Nobody really seemed to believe them.
“There was no doubt in my mind he was going to be a player,” Wayne Braun said. “I was his coach from third grade all the way through to eighth grade, and we played 50 games a year. I saw what he could do, and he’s doing the same stuff now. No one could stop him.”
That same stuff will be on display at 2 p.m. today when the Bison host South Dakota State. The eighth-leading scorer in school history, and climbing (he needs just 10 points to pass Mike Nelson), has only three home games remaining in his career.
Timing was everything for both Braun, NDSU
How he got from Oregon to NDSU is one of those right place, right time stories. Taylor was still an uncommitted player in the spring of his senior year.
His father said Portland State was calling him about once a week, but had yet to offer a scholarship. Three Pac-12 Conference schools offered him a walk-on opportunity.
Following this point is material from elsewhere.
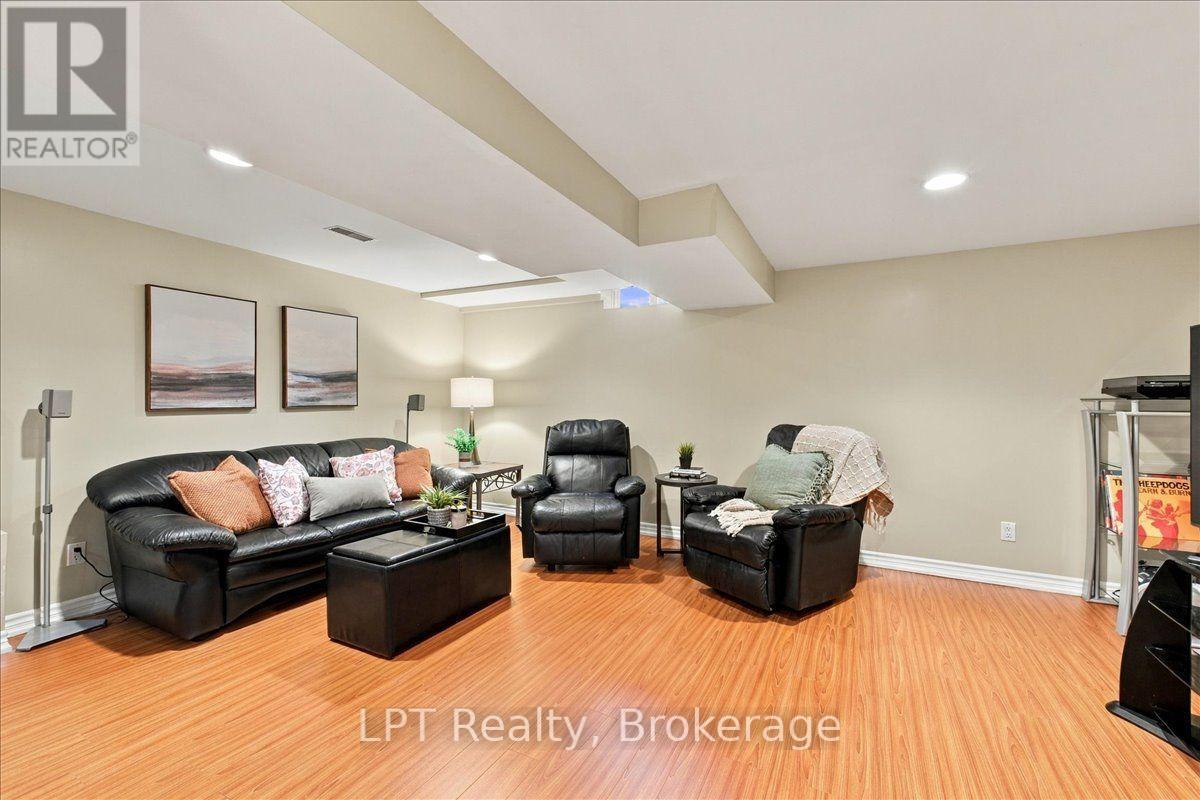 69 Scarfair Pathway, Toronto, Ontario  M1B 4G2 - Photo 25 - E13829732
NDSU had one full ride remaining, but was hoping it had Nate Wolters’ name on it.
When Wolters — now playing in the NBA with the Milwaukee Bucks — committed to SDSU, the Bison went looking elsewhere.
NDSU head coach Saul Phillips said he received a couple of phone calls from contacts in the Pacific Northwest saying there was one player who was being overlooked.
“When Nate said no, we quickly brought him in for a visit,” Phillips said.
Taylor figures he was just days away from visiting Division II Western Oregon. And if that happened, Phillips said, he likely would have committed there.
It was during finals week when Taylor and Wayne flew to Fargo. The campus was dead. The aging BSA was nothing to admire. Taylor admits to having apprehension playing so far away – even though he has North Dakota roots.
His grandfather, Michael Schroeder, lives in Arthur, N.D. His mother, Kris, is from Ayr, N.D., and went to high school at what is now Northern Cass.
After dinner, Bison assistant coach Jason Kemp dropped Wayne off at a Fargo hotel and said he wanted to take Taylor for a milkshake to talk further.
“I wasn’t in the room five minutes when the phone rang and it was a Portland State coach,” Wayne said. “He was saying how much they love Taylor. I said, ‘OK, you either love him or you don’t, because I’m at North Dakota State. You have the opportunity now because I think he would rather stay in the Pacific Northwest.’ He said he couldn’t pull that trigger.”
It probably didn’t matter anyway. When Phillips said he offered Taylor the scholarship, the kid said on the spot that he would take it.
Sitting out first season did wonders for Braun
It wasn’t instant success, by any means. Braun remembers the first few weeks of summer workouts with the likes of veteran players Freddy Coleman and Eric Carlson.
“I could barely even get a shot off,” he said. “So I definitely had a lot of work to do. To be honest, I didn’t have the best mindset and most positive attitude in coming here.”
The No. 1 priority as a redshirt freshman was improving his frame. There’s not much room for a slender players in Division I basketball after all. The leader in that project was strength and conditioning coach Jason Miller.
He was a first team all-Summit League selection as a sophomore. An ankle injury limited him last year – he missed 10 games – but he still led the team in scoring at 15.4 points a game.
To find another level, he asked Woodside, who finished his career in 2009, if he could work out with him last summer. Both describe the workouts as intense.
“Mix that work ethic with his talent and you have a tremendous combination,” Woodside said. “I can see the improvements he made from this summer, and he’s carrying it over to this season and is having a spectacular year.”
He leads the Summit in scoring at 18.6 points per game and is ninth in rebounding with a 5.3 average. He’ll get some sort of shot at professional basketball, but Braun said he’s letting the Bison coaches deal with that for now.
One NBA scout has been to a Bison practice, which is a first in Phillips’ 10 years at NDSU, six as head coach. If the 6-foot-7 Braun’s resume says anything, it is to not doubt his chances at any next level.
“To go from zero scholarship offers to potentially Player of the Year in our conference … with Taylor, I was always confident he would make it,” Phillips said.